Anyway, this post isn’t about uniquely Singaporean ways of losing weight. It’s just that Molly happened to see that bit about water. And Molly now feels obliged to apologize to her NDP-watching readers if the water references in the previous post about the PureNation actually spoiled their experience of watching the NDP. Believe me, Molly really didn’t know what the NDP was going to feature when she was writing the blog entry.
Molly did very much appreciate the commentary that accompanied the NDP though. None of those performances really made sense to that puny bimbotic mind of Molly’s and it was great that the commentary was there to tell Molly exactly what each performance meant. The commentators were brilliant people. Well, at least the people who wrote their scripts were. While Molly thought that the bunch of primary school kids looked somewhat hapless in the performance, the commentators knew that the kids were actually enjoying themselves. They knew that each and every spectator was there for a common reason. Yes, one would expect any spectator to harbor suicidal thoughts at the NDP. (And if the commentary was scripted, kudos to the scriptwriters for their prophetic abilities.)
But what if . . . what if some kids out there were actually cursing their plight of being chosen to perform? (“Why can’t I be preparing for my exams like the other kids?
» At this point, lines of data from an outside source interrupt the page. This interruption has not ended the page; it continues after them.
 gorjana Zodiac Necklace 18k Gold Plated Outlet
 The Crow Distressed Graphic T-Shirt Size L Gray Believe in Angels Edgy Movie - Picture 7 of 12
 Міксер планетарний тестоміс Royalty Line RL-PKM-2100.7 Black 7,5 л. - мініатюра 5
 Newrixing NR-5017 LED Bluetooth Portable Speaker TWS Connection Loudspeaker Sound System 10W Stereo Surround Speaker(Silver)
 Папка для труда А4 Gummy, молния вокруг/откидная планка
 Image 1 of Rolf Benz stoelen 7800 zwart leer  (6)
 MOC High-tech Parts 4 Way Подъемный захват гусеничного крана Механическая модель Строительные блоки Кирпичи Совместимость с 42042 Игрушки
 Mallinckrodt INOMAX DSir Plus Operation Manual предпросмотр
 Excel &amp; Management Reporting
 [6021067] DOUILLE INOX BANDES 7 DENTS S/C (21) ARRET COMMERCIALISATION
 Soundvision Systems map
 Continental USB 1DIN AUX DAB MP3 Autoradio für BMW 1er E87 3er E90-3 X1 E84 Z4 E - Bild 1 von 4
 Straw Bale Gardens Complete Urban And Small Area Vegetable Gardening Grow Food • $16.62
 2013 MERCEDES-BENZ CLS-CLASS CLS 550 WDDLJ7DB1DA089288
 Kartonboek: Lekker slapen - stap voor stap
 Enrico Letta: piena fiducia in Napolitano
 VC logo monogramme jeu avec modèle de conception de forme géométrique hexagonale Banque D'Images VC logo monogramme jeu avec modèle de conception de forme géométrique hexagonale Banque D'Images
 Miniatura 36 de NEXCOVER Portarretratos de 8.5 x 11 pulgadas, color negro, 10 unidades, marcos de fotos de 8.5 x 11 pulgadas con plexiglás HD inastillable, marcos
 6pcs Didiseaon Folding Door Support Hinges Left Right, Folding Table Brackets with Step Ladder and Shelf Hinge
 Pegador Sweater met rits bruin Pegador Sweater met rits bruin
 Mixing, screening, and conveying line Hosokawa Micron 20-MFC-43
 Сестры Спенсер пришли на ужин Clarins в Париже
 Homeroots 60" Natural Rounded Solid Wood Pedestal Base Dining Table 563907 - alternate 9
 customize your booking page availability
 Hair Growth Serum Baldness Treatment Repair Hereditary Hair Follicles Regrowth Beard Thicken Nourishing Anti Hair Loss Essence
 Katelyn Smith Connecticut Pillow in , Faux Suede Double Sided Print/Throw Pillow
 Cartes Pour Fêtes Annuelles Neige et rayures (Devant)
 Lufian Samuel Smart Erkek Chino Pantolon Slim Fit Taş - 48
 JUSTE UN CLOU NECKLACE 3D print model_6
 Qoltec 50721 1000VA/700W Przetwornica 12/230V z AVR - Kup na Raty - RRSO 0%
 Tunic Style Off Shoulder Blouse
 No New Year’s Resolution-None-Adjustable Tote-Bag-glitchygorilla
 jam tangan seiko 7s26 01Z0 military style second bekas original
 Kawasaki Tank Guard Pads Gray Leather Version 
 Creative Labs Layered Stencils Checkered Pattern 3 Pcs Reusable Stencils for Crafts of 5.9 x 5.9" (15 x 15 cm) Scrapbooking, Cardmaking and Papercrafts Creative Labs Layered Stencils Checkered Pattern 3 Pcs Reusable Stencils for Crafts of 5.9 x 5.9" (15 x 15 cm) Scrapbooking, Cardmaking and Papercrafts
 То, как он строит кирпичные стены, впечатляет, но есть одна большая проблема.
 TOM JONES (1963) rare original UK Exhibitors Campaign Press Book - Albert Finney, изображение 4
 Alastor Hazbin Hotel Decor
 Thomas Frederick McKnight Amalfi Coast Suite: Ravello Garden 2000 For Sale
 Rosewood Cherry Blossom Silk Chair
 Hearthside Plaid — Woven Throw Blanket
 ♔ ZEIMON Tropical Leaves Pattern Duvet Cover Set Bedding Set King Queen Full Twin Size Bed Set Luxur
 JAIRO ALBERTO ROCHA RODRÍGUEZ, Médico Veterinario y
Now I’m going to lose out?”)
What if someone was waving his middle finger along with the joyous singing?
What if a number of circum-scripted soldiers were cursing the state machinery in their minds in the midst of overly loud marching orders, trying to reclaim the minds that have been stolen from them?
What if the uniquely Singaporean narrative deconstructs itself?
Actually Molly was wondering if having primary school kids labor for NDP performances constituted involuntary (and unpaid) child labor. But since the commentary didn’t say anything of this sort, Molly assumes that she’s just being overly imaginative as usual.
The NDP actually teaches us valuable lessons about being Singaporean. If we treat the NDP performances (or was it supposed to be one seamless performance?) as artistic ventures, perhaps we might expect to be allowed to sit down in our living rooms and view the performance(s) and interpret it (them) for ourselves. But as a particular song goes, we are Singapore, Singaporeans. How could we make meaning for ourselves? Heck, are we even supposed to know that artistic performances can be interpreted?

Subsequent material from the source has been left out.